Platform Graduate Award 2023: Selected Graduates

August 1, 2023
11:42 am
Kitty Bew

We are delighted to be taking part in the Platform Graduate Award this year, and are excited to announce our 2023 selected graduates. Congratulations to Em Walker, Emelia Archer, Sara Paowana, Saul Baraitser and Bran Flakes.

The Platform Graduate Award is an initiative of CVAN South East to support emerging graduate artistic talent to further their practice following graduation. Established in 2012, the award includes a £2,000 bursary donated by the four venues and a 12-month bespoke mentoring package. It is awarded to an outstanding graduate from one of 12 participating regional higher education partners.

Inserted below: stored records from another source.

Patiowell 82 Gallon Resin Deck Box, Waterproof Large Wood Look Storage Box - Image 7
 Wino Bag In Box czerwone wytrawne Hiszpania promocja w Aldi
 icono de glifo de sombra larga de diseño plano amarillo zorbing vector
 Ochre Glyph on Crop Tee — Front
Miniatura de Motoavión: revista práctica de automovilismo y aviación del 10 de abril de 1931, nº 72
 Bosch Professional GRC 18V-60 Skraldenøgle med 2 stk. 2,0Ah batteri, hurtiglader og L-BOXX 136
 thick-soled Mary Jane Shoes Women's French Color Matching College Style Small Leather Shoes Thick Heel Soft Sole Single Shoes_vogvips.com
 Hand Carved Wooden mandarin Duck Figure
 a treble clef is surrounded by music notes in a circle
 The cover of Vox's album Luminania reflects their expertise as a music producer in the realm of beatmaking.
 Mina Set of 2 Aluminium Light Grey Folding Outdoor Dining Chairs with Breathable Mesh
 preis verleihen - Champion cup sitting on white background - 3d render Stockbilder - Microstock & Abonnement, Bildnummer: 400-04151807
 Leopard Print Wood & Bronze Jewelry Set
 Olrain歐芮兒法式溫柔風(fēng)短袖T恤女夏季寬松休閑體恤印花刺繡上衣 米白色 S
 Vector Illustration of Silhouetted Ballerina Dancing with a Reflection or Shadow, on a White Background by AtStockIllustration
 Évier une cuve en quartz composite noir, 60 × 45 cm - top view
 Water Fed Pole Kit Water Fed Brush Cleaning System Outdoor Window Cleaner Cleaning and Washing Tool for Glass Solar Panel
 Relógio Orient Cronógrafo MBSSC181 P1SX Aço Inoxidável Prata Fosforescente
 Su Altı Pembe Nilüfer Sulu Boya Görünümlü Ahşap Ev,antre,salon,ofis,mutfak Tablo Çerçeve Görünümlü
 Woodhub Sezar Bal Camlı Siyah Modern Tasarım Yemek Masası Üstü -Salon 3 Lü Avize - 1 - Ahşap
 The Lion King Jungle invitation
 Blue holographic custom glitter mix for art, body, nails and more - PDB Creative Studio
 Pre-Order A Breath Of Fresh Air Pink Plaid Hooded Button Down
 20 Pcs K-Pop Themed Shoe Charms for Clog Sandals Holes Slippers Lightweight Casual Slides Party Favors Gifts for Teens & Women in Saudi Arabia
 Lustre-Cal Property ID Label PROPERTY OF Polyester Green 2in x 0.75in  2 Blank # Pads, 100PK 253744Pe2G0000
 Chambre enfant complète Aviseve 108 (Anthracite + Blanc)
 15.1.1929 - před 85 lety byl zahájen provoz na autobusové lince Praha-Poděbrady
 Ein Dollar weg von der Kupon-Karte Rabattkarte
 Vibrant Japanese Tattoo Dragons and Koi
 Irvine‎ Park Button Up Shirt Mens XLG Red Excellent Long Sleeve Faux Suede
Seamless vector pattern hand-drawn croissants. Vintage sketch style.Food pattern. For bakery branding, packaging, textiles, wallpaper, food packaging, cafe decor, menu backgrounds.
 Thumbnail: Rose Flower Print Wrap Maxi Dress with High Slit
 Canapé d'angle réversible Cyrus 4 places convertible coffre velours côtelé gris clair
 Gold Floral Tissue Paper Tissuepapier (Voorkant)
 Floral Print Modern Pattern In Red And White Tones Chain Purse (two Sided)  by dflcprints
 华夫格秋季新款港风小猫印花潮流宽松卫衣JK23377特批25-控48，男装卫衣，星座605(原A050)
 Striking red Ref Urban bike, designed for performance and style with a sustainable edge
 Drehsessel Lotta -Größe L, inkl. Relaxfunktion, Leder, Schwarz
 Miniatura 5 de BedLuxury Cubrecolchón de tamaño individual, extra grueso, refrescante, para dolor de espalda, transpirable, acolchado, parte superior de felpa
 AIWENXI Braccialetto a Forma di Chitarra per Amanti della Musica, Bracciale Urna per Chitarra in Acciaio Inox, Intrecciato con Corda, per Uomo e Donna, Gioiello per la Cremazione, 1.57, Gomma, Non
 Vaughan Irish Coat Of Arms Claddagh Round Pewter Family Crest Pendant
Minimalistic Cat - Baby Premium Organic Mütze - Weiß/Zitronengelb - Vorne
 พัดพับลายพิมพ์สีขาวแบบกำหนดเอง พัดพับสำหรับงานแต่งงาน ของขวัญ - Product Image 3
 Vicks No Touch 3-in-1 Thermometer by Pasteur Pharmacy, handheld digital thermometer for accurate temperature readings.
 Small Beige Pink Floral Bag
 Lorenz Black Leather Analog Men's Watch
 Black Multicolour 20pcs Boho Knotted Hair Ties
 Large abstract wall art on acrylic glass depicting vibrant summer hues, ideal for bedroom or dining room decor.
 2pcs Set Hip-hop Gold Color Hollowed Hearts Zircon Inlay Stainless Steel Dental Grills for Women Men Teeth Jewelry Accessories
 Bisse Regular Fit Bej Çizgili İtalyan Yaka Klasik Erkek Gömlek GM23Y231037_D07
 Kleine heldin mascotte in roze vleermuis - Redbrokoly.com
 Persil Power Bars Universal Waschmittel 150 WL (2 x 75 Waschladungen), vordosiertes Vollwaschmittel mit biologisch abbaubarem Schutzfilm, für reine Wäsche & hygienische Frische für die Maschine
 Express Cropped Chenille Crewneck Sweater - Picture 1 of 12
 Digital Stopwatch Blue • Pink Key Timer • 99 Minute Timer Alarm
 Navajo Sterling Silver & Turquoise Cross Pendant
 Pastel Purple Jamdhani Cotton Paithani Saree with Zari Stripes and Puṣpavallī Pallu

As part of their nomination, these selected graduates have the opportunity to participate in a group exhibition at Phoenix Art Space this autumn. Visit us from 2 September – 8 October to see their work exhibited in the Project Space. Join us for the exhibition opening on Friday 1 September, 6pm – 8pm.

 

Bran Flakes
In a paradoxical way, BRAN FLAKES challenges the institutional restraints that go along with conceptual art while simultaneously embracing the elitism and exclusion it has historically provided. They attempt to involve the viewer in a debate about the art world and the place of the artist and viewer within it.

Em Walker
Through her painting practice Em seeks to embody her understanding of the world, creating visual and physical motif which narrate complex experiences and inconsistent paradox. Her series of expanded paintings dissect the absurd experience of womanhood, rejects religion, and defies the limited expectations of female painters.

Emelia Archer
Emelia’s work seeks to embody a felt experience through a female gaze, centred around the visual representation of memory and environment. Using primarily oil paint to express these narratives, she focuses on creating a visual representation of lived female experiences and anxieties.

Sara Paowana
Sara is a multidisciplinary conceptual fine artist, largely working with ceramics, sculptures, and installation. Her artworks often combine language and text to formulate a cultural narrative that responds to diasporic identity and interchange of dual nationality.

Saul Baraitser
Saul’s current work involves exploring painting without paint by utilizing drawing, figuration, textiles, and language. Their artistic practice is concerned with exploring the unconscious and conscious aspects of human relationships, their emotional valence, and how an individual or group interpret these.